Großbrand: Innensenator dankt Einsatzkräften

Der Einsatz in dem Industriegebiet wurde zeitweise durch Starkwind, Schnee und Graupel teils erheblich erschwert. Innensenator Andy Grote (SPD) dankte den Einsatzkräften auf Twitter für deren „nervenzehrenden und kraftraubenden Einsatz“. „Die Anstrengung lässt sich nur erahnen“, twitterte Grote. Die Feuerwehr Hamburg dankte ebenfalls auf Twitter dem Technischen Hilfswerk „für die großartige Unterstützung beim #Großbrand in #Hamburg#Wilhelmsburg - ob mit Bagger, mit Drohne, mit Fachberatung oder Radladern - in unterschiedlichsten Situationen“.

Die amtliche Warnung der Feuerwehr wegen starker Rauchentwicklung konnte am Donnerstag wieder aufgehoben werden. Etwa 24 Stunden lang wurden Anwohner angehalten, ihre Fenster und Türen geschlossen zu halten. Am Morgen seien die südlichen Stadtteile Hamburgs zwar weiterhin von der Rauchentwicklung betroffen gewesen - allerdings in deutlich geringerem Ausmaß, sagte ein Feuerwehrsprecher.

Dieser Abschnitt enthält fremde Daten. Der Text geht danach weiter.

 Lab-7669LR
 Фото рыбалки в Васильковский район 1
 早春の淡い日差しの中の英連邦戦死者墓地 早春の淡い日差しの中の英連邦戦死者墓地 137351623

Brandursache weiter unklar – immenser Sachschaden

Warum der Lagerhallenkomplex, in dem Kartonagen, Nüsse und Cashewkerne gelagert wurden und zu dem auch ein Bürokomplex gehörte, in Brand geraten war, müssen nun die Experten des Landeskriminalamtes klären. Am Donnerstag war die Brandursache weiter unklar. Zur Schadenshöhe konnte die Polizei zunächst keine Angaben machen. Verletzt wurde durch das Feuer niemand.